· 9 min read ·

Emacs Is a Lisp Runtime That Ships an Editor, Not the Other Way Around

Source: lobsters

Most people who reach for Emacs encounter it as an editor. An unusual one, certainly, with a reputation for steep learning curves and infinite configurability, but an editor. The framing does not survive contact with the source code. This recent Emacs Internals post puts the correct frame on it directly: Emacs is a Lisp runtime written in C, and the thing we call the editor is a program written in that Lisp. The distinction matters because it changes how you think about extending it, debugging it, and comparing it to its contemporaries.

The Two-Layer Architecture

The src/ directory of the Emacs source tree is where the C layer lives. It implements a Lisp interpreter: a reader that parses .el files into Lisp objects, an evaluator that executes them, a mark-and-sweep garbage collector, and a set of primitive functions that Lisp code calls into. Everything in src/ is the runtime. Nothing in src/ knows what a major mode is, what font-lock is, or what M-x does.

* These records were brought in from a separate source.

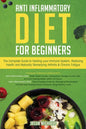 Anti-Inflammatory Diet for Beginners: The Complete Guide to Healing Your Immune System, Restoring Health and Naturally Rem-edying Arthritis & Chronic - Paperback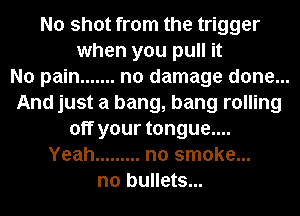 No shot from the trigger
when you pull it
No pain ....... no damage done...
And just a bang, bang rolling
off your tongue....
Yeah ......... no smoke...
n0 bullets...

The lisp/ directory is where the editor lives. All the editor behavior, every mode, every keybinding system, every completion framework, the package manager, org-mode, dired, eglot, use-package, all of it, is Lisp code running on top of the C runtime. The ratio reflects this: the Emacs distribution contains roughly 250,000 lines of C and over 1.5 million lines of Lisp.

The practical consequence is that there is no meaningful boundary between “the editor” and “your configuration.” When you write Emacs Lisp, you are writing in the same language and with the same access to primitives that the editor itself was written in. This is not true of any other widely used editor.

How C Primitives Become Lisp Functions

The mechanism connecting the two layers is the DEFUN macro, defined in src/lisp.h. Every built-in function visible to Lisp is registered via DEFUN. Here is a simplified version of how car is defined in src/data.c:

DEFUN ("car", Fcar, Scar, 1, 1, 0,
       doc: /* Return the car of LIST. If LIST is nil, return nil. */)
  (Lisp_Object list)
{
  return CAR (list);
}

DEFUN expands into two things: a C function named Fcar that implements the operation, and a static Lisp_Subr struct named Scar that records the function’s name, arity, docstring, and pointer to Fcar. During initialization, every C source file that defines primitives calls a syms_of_FILENAME function, which in turn calls defsubr(&Scar) to register the subr with the Lisp environment.

By the time any Lisp code runs, roughly 2,000 primitive functions have been registered this way. eval, cons, car, cdr, read, prin1, buffer-substring, set-window-configuration, all of them are C functions wrapped in this mechanism.

Special forms, the ones that do not evaluate all their arguments, use a special arity constant UNEVALLED. The evaluator in src/eval.c checks for this and passes the argument list unevaluated, letting the C implementation decide what to evaluate and when. This is how if, let, quote, cond, progn, and unwind-protect are implemented.

The Object Model

The Lisp object representation in C is worth understanding because it shapes every operation in the runtime. Lisp_Object is defined in src/lisp.h as a machine word, EMACS_INT on most platforms, and uses pointer tagging to encode both type information and value in a single word.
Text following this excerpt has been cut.